253 S.W.2d 158, 363 Mo. 676, 1952 Mo. LEXIS 689
CourtSupreme Court of Missouri
DecidedNovember 10, 1952
Docket42761
StatusPublished
Cited by47 cases

This text of 253 S.W.2d 158 (Curtis v. Fruin-Colnon Contracting Co.) is published on Counsel Stack Legal Research, covering Supreme Court of Missouri primary law. Counsel Stack provides free access to over 12 million legal documents including statutes, case law, regulations, and constitutions.

Bluebook
Curtis v.
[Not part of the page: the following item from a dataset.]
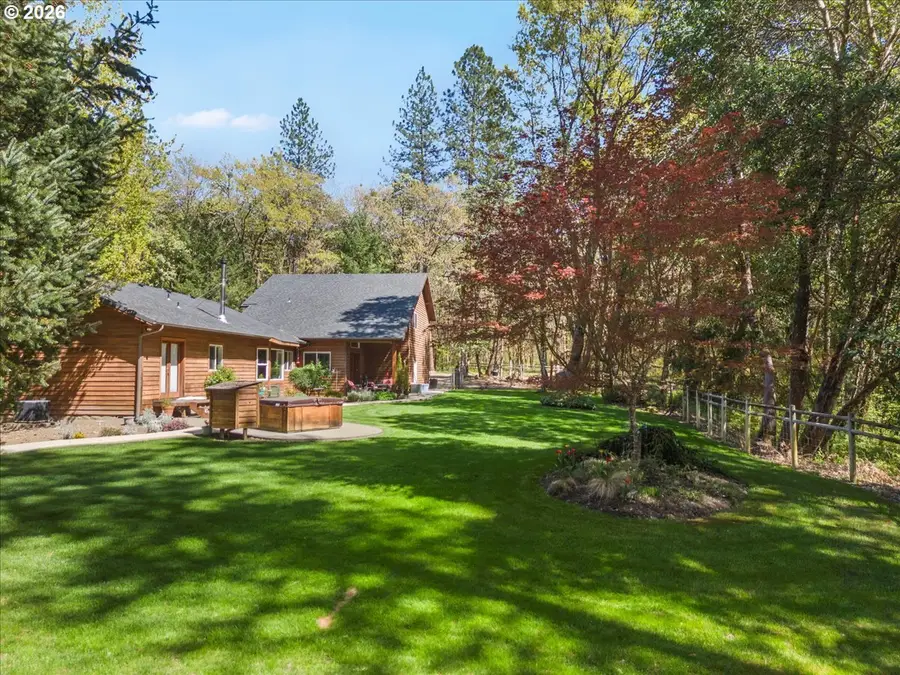 737 Pinecrest Dr, Grants Pass, OR 97526 - #2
Fruin-Colnon Contracting Co., 253 S.W.2d 158, 363 Mo. 676, 1952 Mo. LEXIS 689 (Mo. 1952).

Opinions

[679]*679HYDE, P. J.

Action for trespassing on plaintiffs’ land and damaging plaintiffs’ building in East St. Louis, Illinois. Plaintiffs had a verdict for $8,000.00, and defendant has appealed from the judgment entered. It is contended that plaintiffs did not make a jury [680]*680case; that instructions 1 and 3 were erroneous; that there were erroneous rulings on evidence, and that the verdict was excessive.

Plaintiffs owned a one story five room brick building, about 40 feet long, built about 1905, which faced south on the north side of State Street. It was one of three buildings in the same yard owned by plaintiffs. The front part of this building was used as a doctor’s office by Dr. Winning, and the back part and basement as living quarters by Mr. and Mrs. Shumway. Mrs. Shumway took care of the office. In the fall of 1945, defendant began construction of a Sears-Roebuck store with a parking lot west of plaintiffs’ property. To build a retaining wall around the parking lot, defendant (without asking plaintiffs’ permission) dug a ditch partly on plaintiffs’ property (as much as 18 inches), which was less than two feet from the north part of their building and about seven feet from the south part. (The north part of the building had an L about 27% feet wide which extended about six feet farther west than the south part.) According to plaintiffs’ evidence, this ditch was about three feet wide and about four feet deep and was dug along the west side of plaintiffs’ building in May 1946. The ditch had no outlet and the soil was sandy and porous. There was considerable rain during the spring and summer and water collected in the ditch and seeped from it into the ground.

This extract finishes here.